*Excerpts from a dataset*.
+ + +
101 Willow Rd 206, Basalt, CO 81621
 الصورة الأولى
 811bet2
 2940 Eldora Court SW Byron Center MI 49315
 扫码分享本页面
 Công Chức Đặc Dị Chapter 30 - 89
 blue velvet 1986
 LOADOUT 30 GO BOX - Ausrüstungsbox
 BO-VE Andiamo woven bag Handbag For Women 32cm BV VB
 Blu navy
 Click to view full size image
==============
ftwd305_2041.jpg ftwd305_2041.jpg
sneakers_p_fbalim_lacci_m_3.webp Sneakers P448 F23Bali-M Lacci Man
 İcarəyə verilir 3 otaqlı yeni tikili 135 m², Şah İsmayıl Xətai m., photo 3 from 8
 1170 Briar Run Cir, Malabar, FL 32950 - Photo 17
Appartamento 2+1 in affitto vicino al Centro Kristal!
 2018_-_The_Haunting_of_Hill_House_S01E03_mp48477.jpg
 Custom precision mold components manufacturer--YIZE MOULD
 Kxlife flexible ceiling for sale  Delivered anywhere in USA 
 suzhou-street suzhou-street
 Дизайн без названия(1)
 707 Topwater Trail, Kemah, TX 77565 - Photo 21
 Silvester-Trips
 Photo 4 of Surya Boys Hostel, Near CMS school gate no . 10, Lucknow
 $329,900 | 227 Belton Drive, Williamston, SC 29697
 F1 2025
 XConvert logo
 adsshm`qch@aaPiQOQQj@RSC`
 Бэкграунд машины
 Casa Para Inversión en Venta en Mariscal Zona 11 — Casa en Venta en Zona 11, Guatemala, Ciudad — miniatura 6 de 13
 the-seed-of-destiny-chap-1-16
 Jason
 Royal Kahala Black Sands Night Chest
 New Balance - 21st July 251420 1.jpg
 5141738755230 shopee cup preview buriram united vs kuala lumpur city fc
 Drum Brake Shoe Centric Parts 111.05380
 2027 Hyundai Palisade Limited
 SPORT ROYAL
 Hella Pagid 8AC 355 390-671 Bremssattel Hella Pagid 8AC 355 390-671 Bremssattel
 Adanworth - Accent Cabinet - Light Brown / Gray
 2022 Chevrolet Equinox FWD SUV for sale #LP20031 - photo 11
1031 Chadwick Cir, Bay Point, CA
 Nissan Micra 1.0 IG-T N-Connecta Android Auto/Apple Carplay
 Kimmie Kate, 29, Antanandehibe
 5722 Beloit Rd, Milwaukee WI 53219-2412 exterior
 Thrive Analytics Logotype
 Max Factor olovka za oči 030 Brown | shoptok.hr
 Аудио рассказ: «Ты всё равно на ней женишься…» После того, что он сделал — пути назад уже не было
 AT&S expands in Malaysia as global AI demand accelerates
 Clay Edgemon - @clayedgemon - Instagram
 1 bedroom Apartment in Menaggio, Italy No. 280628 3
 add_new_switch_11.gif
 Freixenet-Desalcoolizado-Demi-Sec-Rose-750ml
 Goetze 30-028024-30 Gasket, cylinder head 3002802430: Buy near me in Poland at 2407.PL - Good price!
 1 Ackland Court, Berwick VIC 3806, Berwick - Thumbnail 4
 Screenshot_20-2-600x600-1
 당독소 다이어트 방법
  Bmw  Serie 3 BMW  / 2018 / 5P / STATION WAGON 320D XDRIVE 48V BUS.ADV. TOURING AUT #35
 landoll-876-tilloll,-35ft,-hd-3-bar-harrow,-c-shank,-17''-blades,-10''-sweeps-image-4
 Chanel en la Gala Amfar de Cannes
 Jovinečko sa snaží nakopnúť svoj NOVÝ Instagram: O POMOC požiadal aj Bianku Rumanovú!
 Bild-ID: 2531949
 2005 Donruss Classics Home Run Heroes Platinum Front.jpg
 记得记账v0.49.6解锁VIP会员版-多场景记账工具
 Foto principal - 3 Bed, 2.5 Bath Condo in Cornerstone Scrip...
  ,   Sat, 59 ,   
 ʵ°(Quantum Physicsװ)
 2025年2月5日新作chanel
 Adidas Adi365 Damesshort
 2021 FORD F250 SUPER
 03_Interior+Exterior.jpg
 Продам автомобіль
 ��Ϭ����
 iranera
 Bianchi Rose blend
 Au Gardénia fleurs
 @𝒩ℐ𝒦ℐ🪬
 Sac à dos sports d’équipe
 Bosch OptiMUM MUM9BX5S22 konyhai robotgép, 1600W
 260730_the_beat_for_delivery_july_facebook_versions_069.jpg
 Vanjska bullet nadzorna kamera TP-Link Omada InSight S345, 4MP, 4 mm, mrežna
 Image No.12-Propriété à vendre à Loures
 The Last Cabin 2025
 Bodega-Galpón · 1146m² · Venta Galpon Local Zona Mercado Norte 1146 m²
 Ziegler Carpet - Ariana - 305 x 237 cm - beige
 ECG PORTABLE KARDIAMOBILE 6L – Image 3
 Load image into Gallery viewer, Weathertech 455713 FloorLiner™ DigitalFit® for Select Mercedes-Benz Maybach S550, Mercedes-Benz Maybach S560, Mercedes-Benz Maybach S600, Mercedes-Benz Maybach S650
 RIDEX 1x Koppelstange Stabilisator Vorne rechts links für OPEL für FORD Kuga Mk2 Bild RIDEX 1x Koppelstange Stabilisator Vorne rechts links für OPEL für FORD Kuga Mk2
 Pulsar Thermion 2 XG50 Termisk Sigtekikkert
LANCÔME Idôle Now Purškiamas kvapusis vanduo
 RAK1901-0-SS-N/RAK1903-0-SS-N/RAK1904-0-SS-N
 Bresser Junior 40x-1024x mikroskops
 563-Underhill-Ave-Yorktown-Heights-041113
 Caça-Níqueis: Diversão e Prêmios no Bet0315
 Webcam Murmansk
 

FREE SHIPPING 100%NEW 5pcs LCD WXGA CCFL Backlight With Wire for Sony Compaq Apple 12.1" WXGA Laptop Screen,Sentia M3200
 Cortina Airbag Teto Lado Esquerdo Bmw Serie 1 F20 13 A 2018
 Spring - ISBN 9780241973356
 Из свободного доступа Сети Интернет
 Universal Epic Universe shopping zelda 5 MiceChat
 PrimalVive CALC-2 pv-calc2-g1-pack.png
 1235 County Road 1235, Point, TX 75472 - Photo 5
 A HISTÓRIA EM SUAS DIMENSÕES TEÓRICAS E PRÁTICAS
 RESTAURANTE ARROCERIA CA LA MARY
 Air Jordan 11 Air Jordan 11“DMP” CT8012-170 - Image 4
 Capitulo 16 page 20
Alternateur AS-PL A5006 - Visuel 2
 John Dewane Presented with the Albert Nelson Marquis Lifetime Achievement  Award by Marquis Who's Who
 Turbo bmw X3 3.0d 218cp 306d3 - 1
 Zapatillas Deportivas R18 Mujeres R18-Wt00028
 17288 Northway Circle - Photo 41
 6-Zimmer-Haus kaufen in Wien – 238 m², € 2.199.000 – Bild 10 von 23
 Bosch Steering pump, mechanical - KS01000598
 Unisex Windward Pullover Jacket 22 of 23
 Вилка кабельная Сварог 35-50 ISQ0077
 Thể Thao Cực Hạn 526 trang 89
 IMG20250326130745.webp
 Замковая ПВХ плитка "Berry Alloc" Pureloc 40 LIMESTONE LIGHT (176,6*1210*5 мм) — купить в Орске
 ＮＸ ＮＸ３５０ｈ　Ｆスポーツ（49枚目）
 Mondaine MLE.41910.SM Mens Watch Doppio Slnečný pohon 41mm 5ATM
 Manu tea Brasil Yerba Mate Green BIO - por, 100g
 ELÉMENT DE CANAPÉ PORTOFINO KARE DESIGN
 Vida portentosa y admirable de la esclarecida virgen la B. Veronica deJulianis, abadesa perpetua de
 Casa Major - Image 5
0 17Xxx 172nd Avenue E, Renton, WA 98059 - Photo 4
+ + +
*Assignment*.
From the records above, transcribe exactly the run of lines that opens with the line holding "sneakers_p_fbalim_lacci_m_3.webp Sneakers P448" and closes with the line holding "707 Topwater Trail, Kemah, TX", both included.

*Answer to the problem*.
sneakers_p_fbalim_lacci_m_3.webp Sneakers P448 F23Bali-M Lacci Man
 İcarəyə verilir 3 otaqlı yeni tikili 135 m², Şah İsmayıl Xətai m., photo 3 from 8
 1170 Briar Run Cir, Malabar, FL 32950 - Photo 17
Appartamento 2+1 in affitto vicino al Centro Kristal!
 2018_-_The_Haunting_of_Hill_House_S01E03_mp48477.jpg
 Custom precision mold components manufacturer--YIZE MOULD
 Kxlife flexible ceiling for sale  Delivered anywhere in USA 
 suzhou-street suzhou-street
 Дизайн без названия(1)
 707 Topwater Trail, Kemah, TX 77565 - Photo 21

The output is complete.